There’s been some comments about the “Proposed AD” for the Piper PA 28 & 32 Main Wing Spar, but no AD has officially been issued yet.
Here is some interesting reading from Piper Flyer:
NPRM FAA-2017-1059 – Checking for Main Wing Spar Corrosion in Cherokees
Over 10,000 Piper PA-28 and PA-32 series aircraft will be affected by a proposed Airworthiness Directive requiring inspection of the main wing spar for corrosion. Associate editor SCOTT KINNEY decides to act now to inspect his Cherokee and secure his peace of mind.
One of the benefits of hanging around type-specific flying forums on the internet is that you’ll often get wind of FAA Airworthiness Directives (ADs) before they’re made public. I’d chanced across just such a post on Nov. 6, 2017.
The poster claimed that Piper Service Bulletin (SB) No. 1304 was about to become an AD, affecting thousands of aircraft. SB 1304 mandates a “thorough one-time inspection of the wing root area for corrosion” and lays out steps to be taken if corrosion is found. To perform the inspection, an access panel must be installed in each wing if one does not already exist.
Sure enough, the next morning, my email inbox contained a confirmation of the rumor: the FAA was moving to adopt SB 1304 as an AD after a 45-day comment period. (See page 60 of this issue. —Ed.) The Notice of Proposed Rulemaking (NPRM) states that compliance will be required within the next 100 hours or 12 months’ time in service from the date of the AD.
Summary: 11,476 PA-28 aircraft owners will soon be getting potentially expensive news.
I’m one of them.
My 1963 Piper PA-28-180 Cherokee 180, N7294W, has served me well for the past few years. As with many older birds, she has a few negatives in the logs. Four Whiskey lived her first several years near the beach in Southern California. I’d guess she was parked outside too, as the logbooks show a few corrosion repairs in the mid-1970s. Since then, she’s been primarily a high desert airplane.
Why not wait?
I decided to move forward with the inspection right away. I suppose I could’ve held off until my July annual and/or until the AD wording was finalized. It may be that the final AD has other accepted methods for inspection (borescope?) that don’t require cutting large access panels in the lower wing skins.

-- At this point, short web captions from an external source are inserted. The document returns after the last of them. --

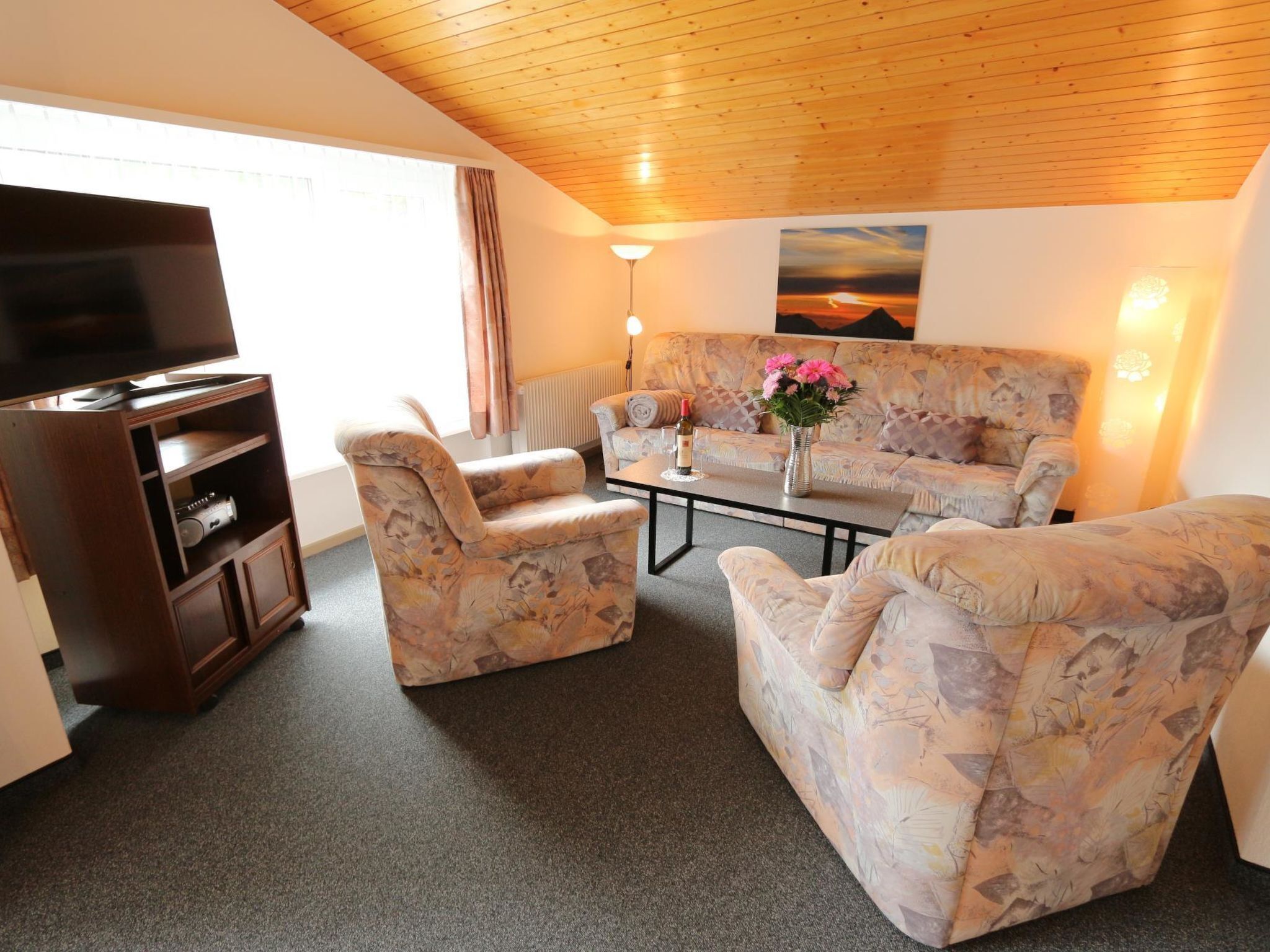 A living room with a sofa, two armchairs, a coffee table, a TV, and a lamp.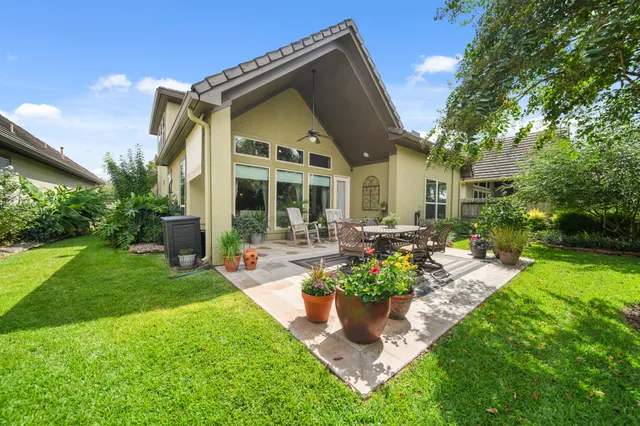 a front view of a house with swimming pool and garden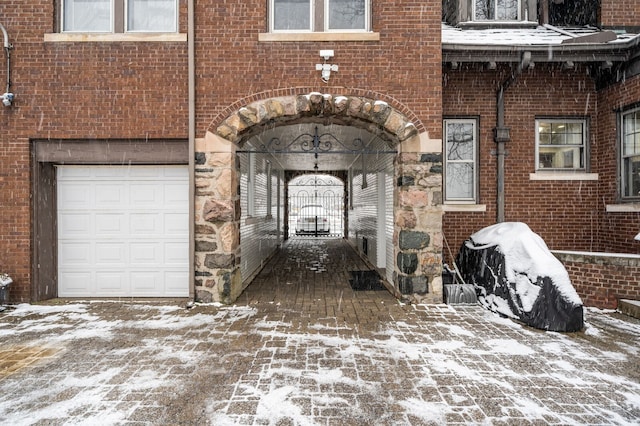 snow covered property entrance featuring a garage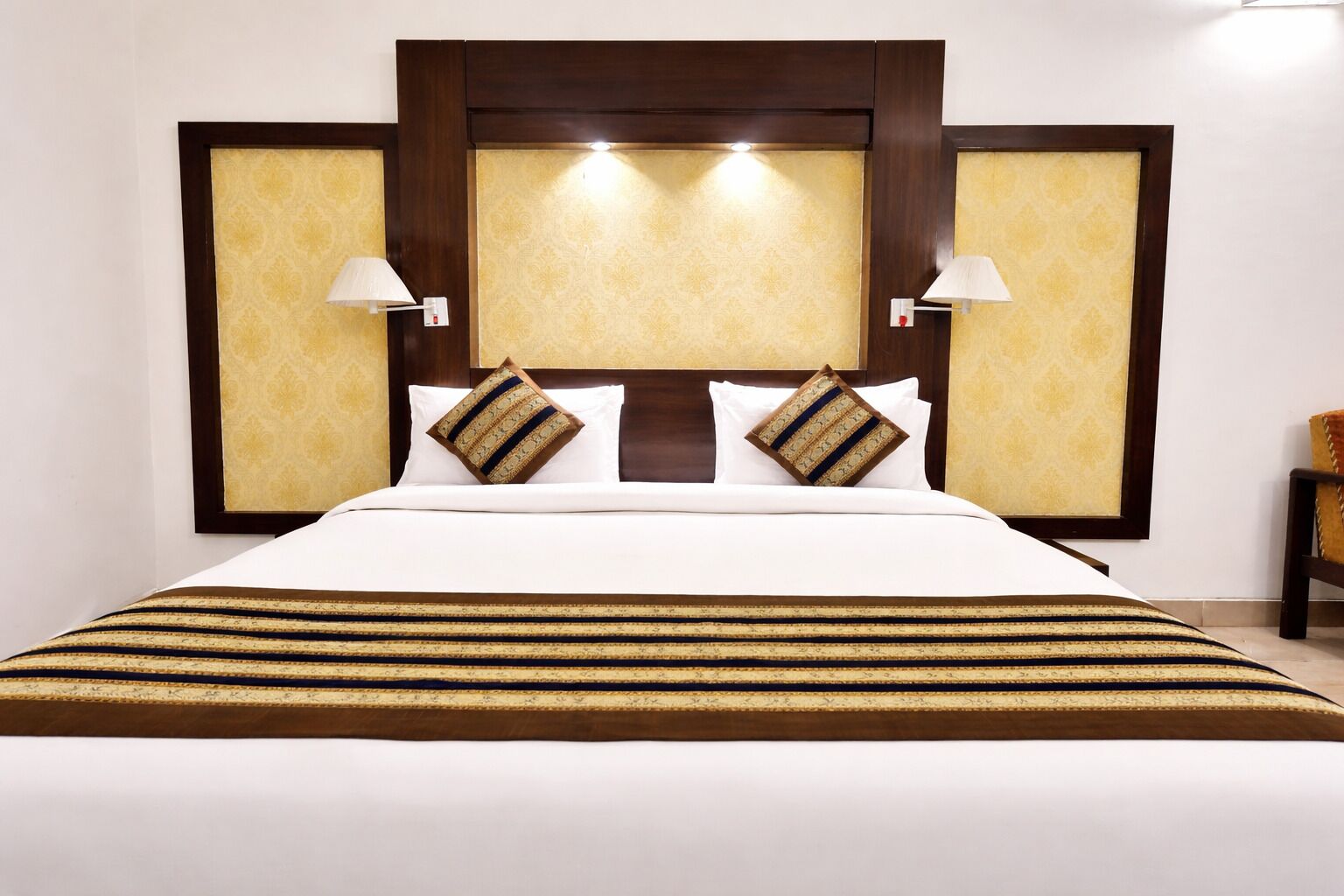A hotel room with a large bed, two bedside lamps, and a decorative headboard.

However, I had never seen the spars on N7294W with my own eyes. I am not sure I would’ve been happy flying the airplane for many more hours knowing the potential consequences of wing spar corrosion. November is also a good time of year to get work done on an aircraft in Oregon—it’s not flying season.
And I kept coming back to the reasons behind the proposed AD. A failed main spar means that your wings may fall off. In my book, that’s a very bad day.
Checking for access panels
The first step was to check for existing access panels. I thought that perhaps the panels could have been installed as part of some of the previous repair work. Since I was at home and had the aircraft logs on hand, I checked for any mention of SB 1304, SB 1244B or SB 789A (the latter two Service Bulletins also recommend addition of the access panel kit). Nothing.
The previous owner did pull the fuel tanks about seven years ago to check for spar corrosion (Piper SB 1006), but that’s further outboard on the wing. I went to the airport and crawled under the wing. Maybe the work hadn’t been logged and the panels were already in place.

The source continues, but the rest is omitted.